I wrote a model using convolutional filters of different sizes, from 1 to max_size, and I implemented it the following way:

def __init__(
    self,
    embedding_dim,
    hidden_dim=200,
    dropout_rate=0.3,
    max_conv_size=3,
    criterion=nn.L1Loss(),
    optimizer = optim.Adadelta,
):
    """ This architecture performs 2D convolutions using 1D kernels with size 1,...,max_conv_size """
    super(AuthorConvNet, self).__init__()
    self.criterion = criterion
    self.optimizer = optimizer
    self.dropout = nn.Dropout(dropout_rate)
    self.max_conv_size = max_conv_size
    self.max_pool = lambda x: torch.max(x, dim=len(x.size())-2)[0]    # max_pool here is the max over the input raws

    self.embedding_dim = embedding_dim
    self.hidden_dim = hidden_dim
    # max_conv_size 1D convolutional filters of size 1,...,max_conv_size
    self.convs = [nn.Conv2d(1,1,(i,1)) for i in range(1, self.max_conv_size+1)]
    self.relu = nn.ReLU()
    self.linear1 = nn.Linear(embedding_dim*max_conv_size, hidden_dim)
    self.linear2 = nn.Linear(hidden_dim, hidden_dim)
    self.linear3 = nn.Linear(hidden_dim, 1)

def forward(self, x):
    z = x.unsqueeze(1)   # second dimension corresponds to in_channels, 
                         # so it should be 1 (1st is batch  size)
    C = []
    for convolution in self.convs:          # apply convolution for each kernel size between 1 and q
        conv = convolution(z).squeeze()
        C.append(conv)
    H = [self.relu(conv) for conv in C]
    p = [self.max_pool(h) for h in H]
    p = torch.cat(p, dim=len(p[0].size())-1)
    # multi-layer net
    out = self.linear1(p)
    out = self.dropout(out)
    out = self.relu(out)

    out = self.linear2(out)
    out = self.dropout(out)
    out = self.relu(out)
    
    out = self.linear3(out)
    return out

However, after training, it appears that using the model for predictions yield different results for same input.

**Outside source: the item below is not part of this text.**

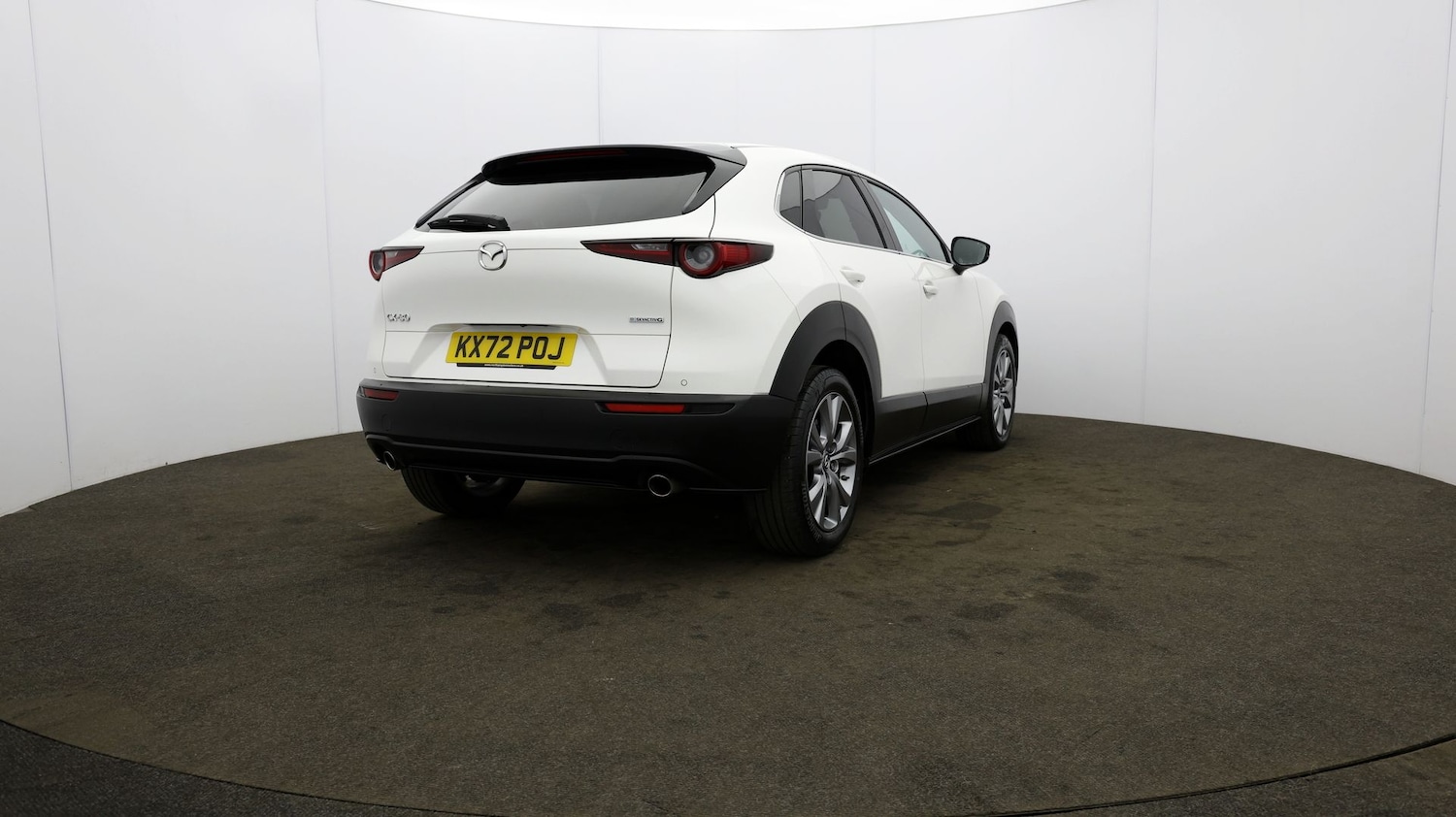 Used Mazda CX-30 2022 for sale - 76809913: Photo 58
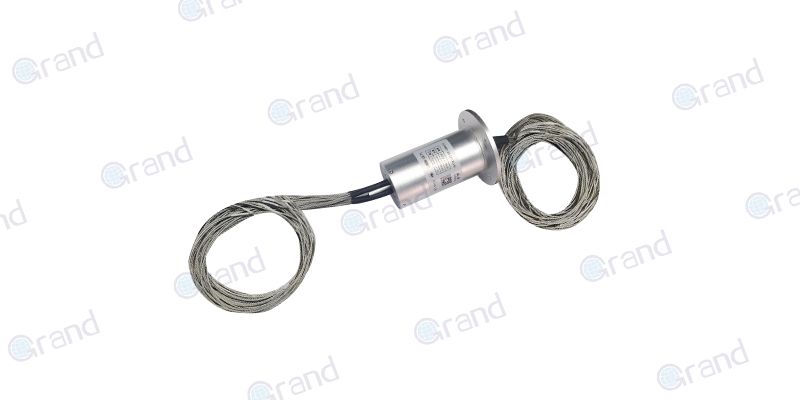 energy kite slip rings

So I looked at the state_dict saved from training and only linear layers weights are saved (which explains why I obtain different results each time, the network convolutions are reinitialized randomly at each time). Does someone may have an explaination for this ?

Eta_C · March 1, 2021, 8:31am

I do not know your input shape, but you can try to rewrite

self.convs = [nn.Conv2d(1,1,(i,1)) for i in range(1, self.max_conv_size+1)]

such as

self.convs = nn.ModuleList([nn.Conv2d(1,1,(i,1)) for i in range(1, self.max_conv_size+1)])

armando · March 1, 2021, 9:42am

Yes, that is exactly what I was looking for ! Thanks !